[[ Supplied entries open ]]

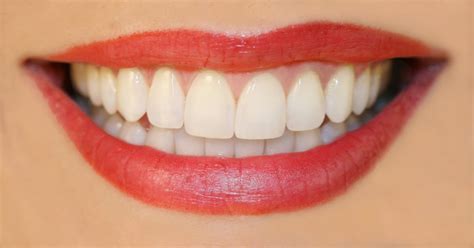 Bellevue Cosmetic Dentist Choosing The Best Dentistry Beautiful Smiles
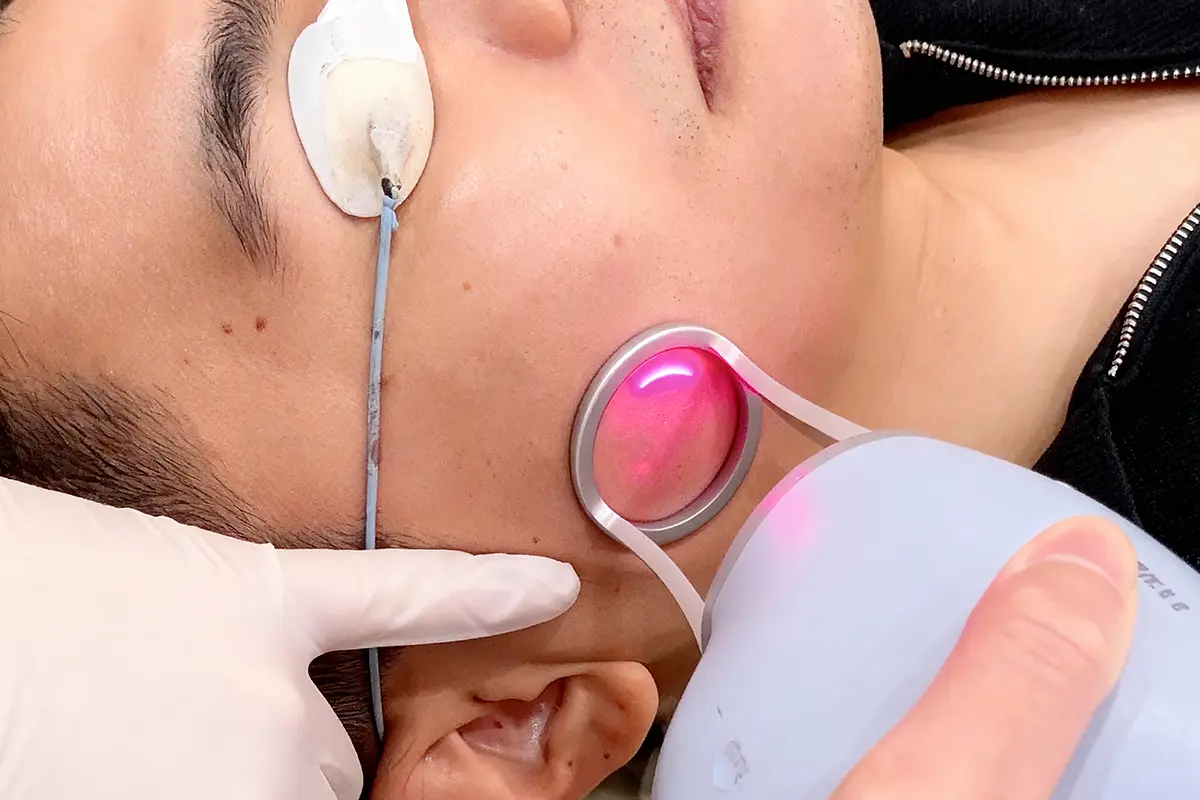 ازالة النمش بالليزر في دبي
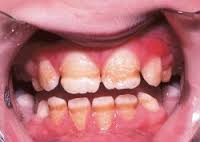 hypoplasia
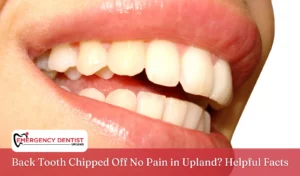 Back Tooth Chipped Off No Pain in Upland Helpful Facts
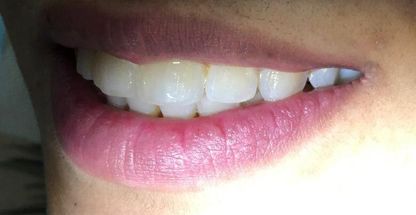 متخصص ارتودنسي-دندانپزشكي توانایان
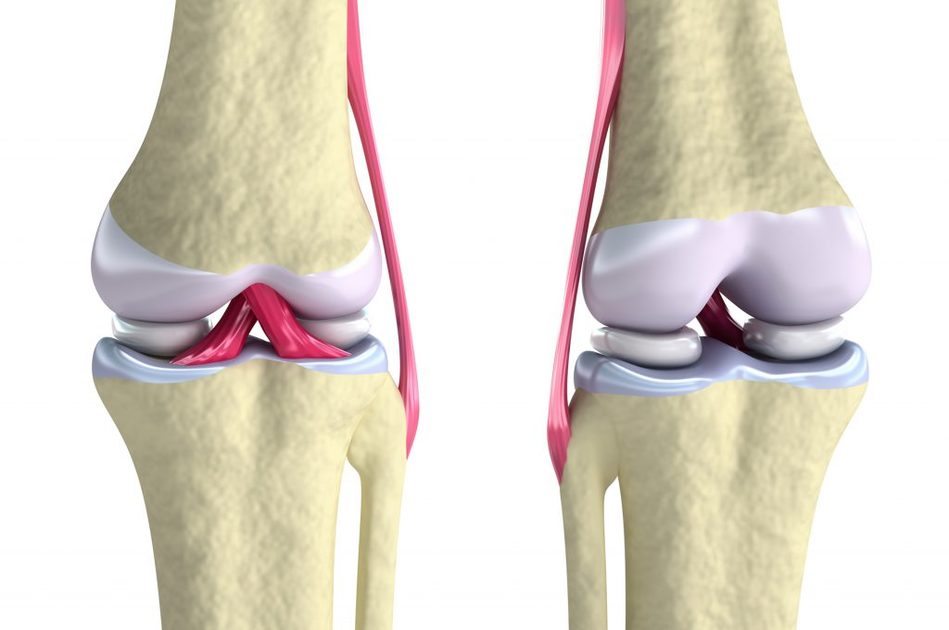Come accorgersi del Menisco Rotto?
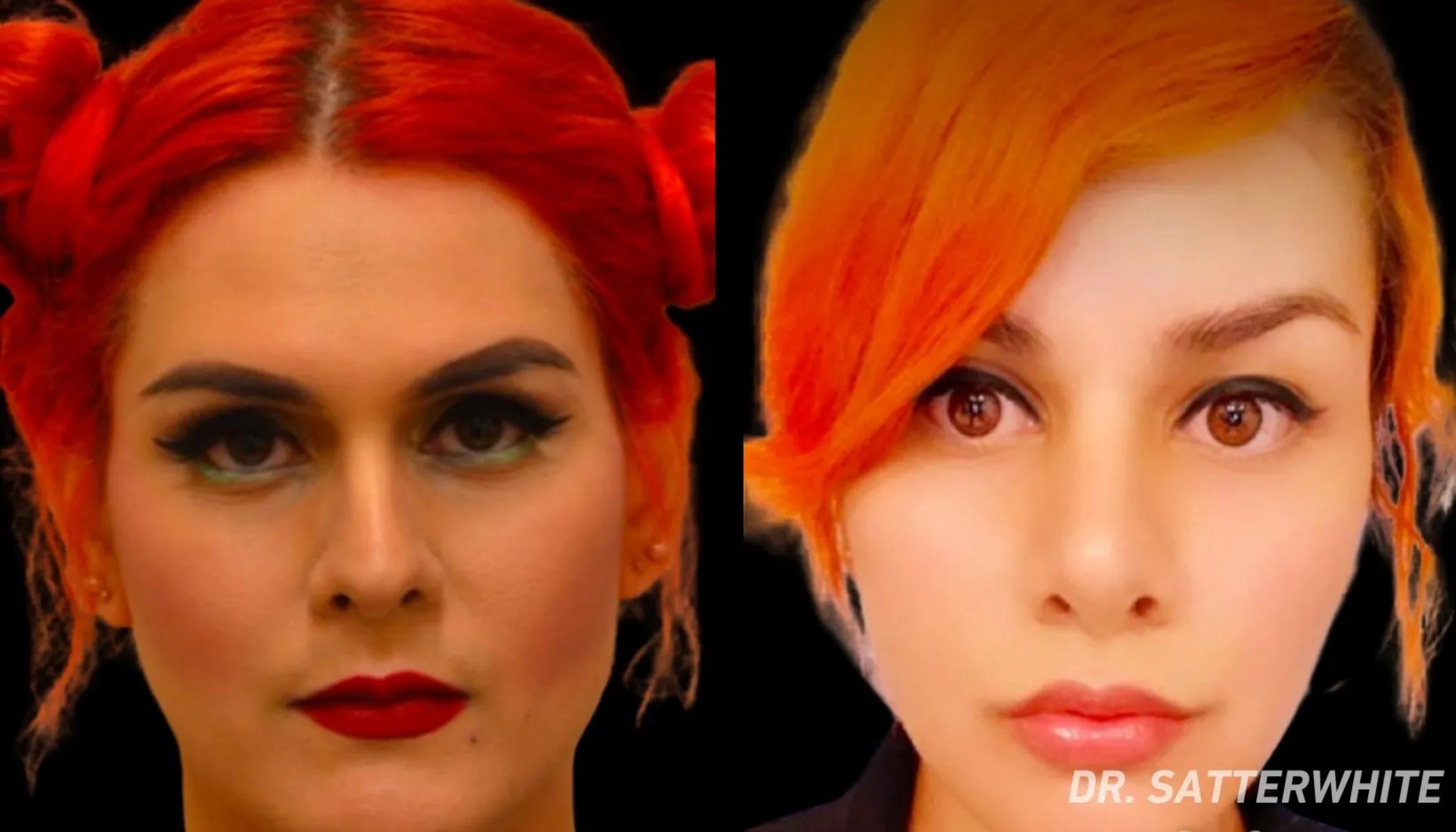 Before & After Facial Feminization Surgery Case 40 View 1 View in San Francisco, Los Angeles, CA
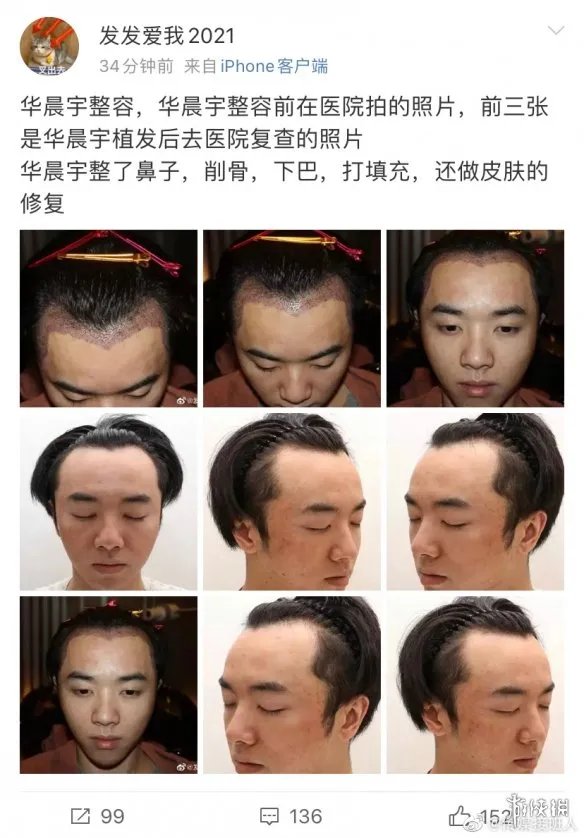 发发爱我2021华晨宇是什么梗 发发爱我2021爆料华晨宇整容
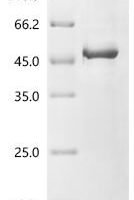 Human Glycogen synthase kinase-3 beta (GSK3B) Recombinant Protein, N-Flag - BioCrest Sci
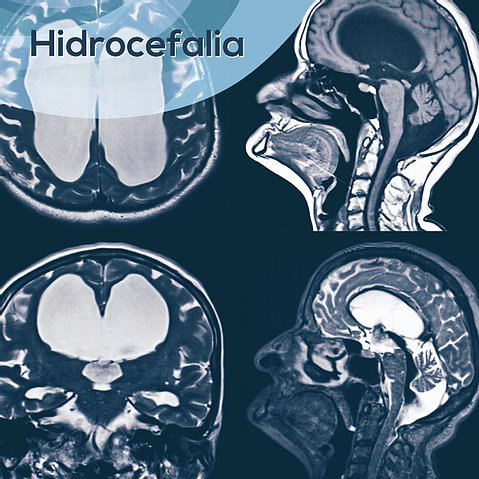 Hidrocefalia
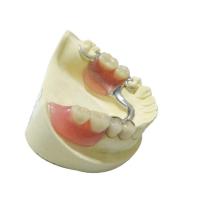 China Steel Removable Partial Dentures Denture Restoration Dental Lab Products on sale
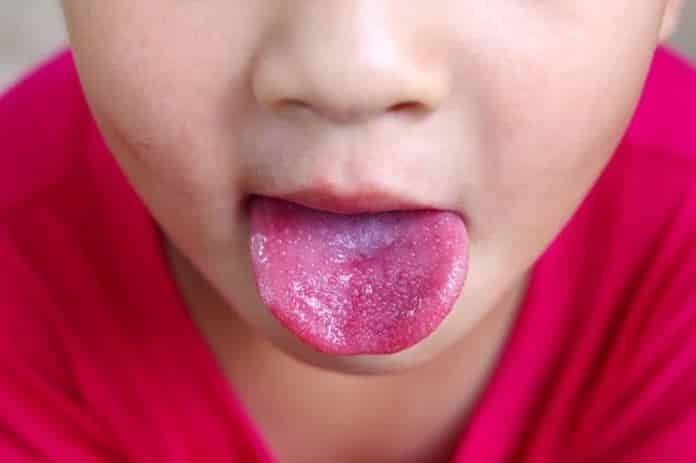 red tongue issues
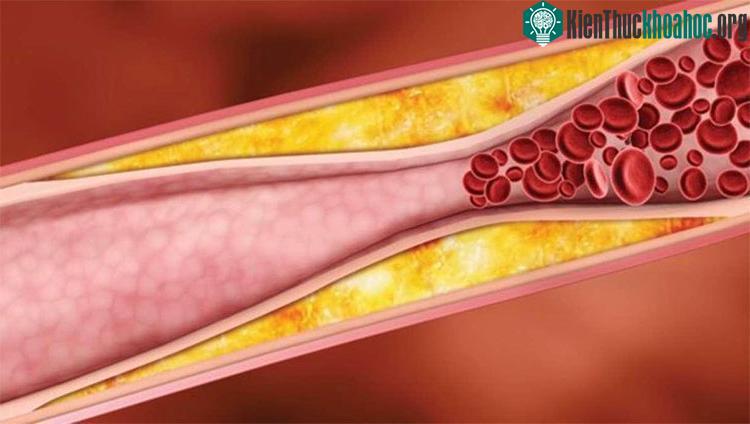 Máu nhiễm mỡ còn được gọi với tên gọi khác là rối loạn chuyển hóa lipid máu hay mỡ máu cao.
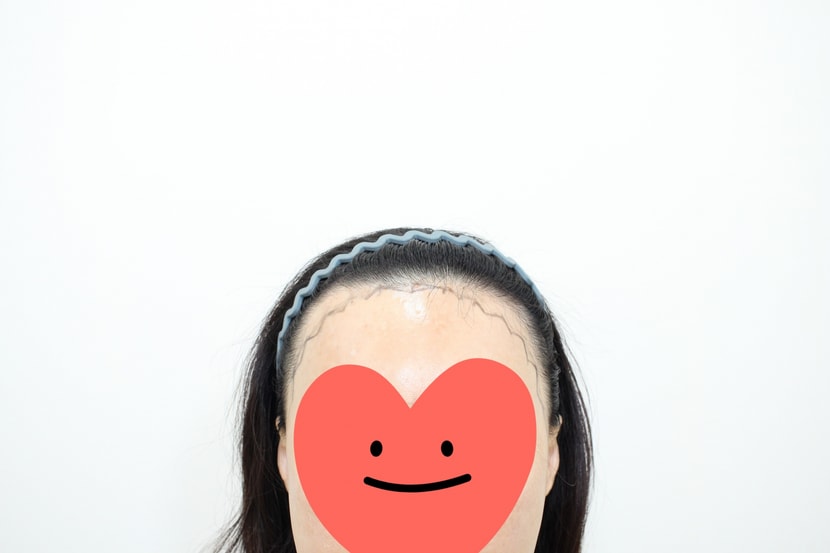 시술전 정면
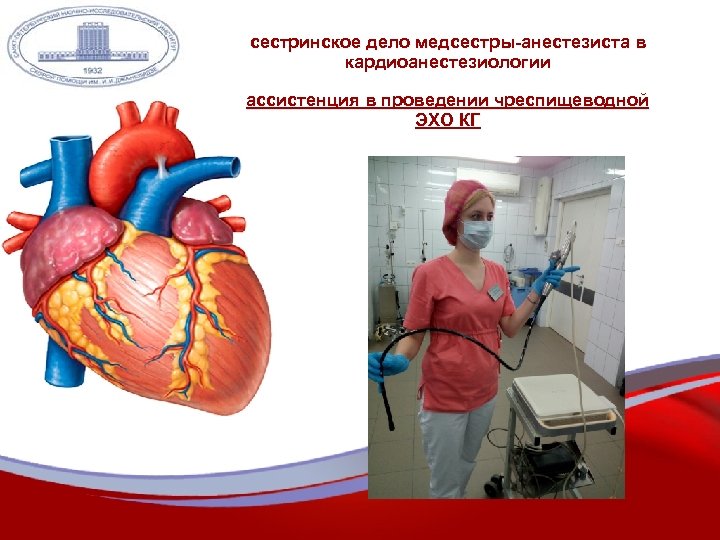 сестринское дело медсестры-анестезиста в кардиоанестезиологии ассистенция в проведении чреспищеводной ЭХО КГ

[[ Supplied entries closed ]]

**What the task requires**
What is needed is an exact restatement of the lines from the line with "Máu nhiễm mỡ" through the final line of the data, pictures excluded.

**Final answer**
 Máu nhiễm mỡ còn được gọi với tên gọi khác là rối loạn chuyển hóa lipid máu hay mỡ máu cao.
 시술전 정면
 сестринское дело медсестры-анестезиста в кардиоанестезиологии ассистенция в проведении чреспищеводной ЭХО КГ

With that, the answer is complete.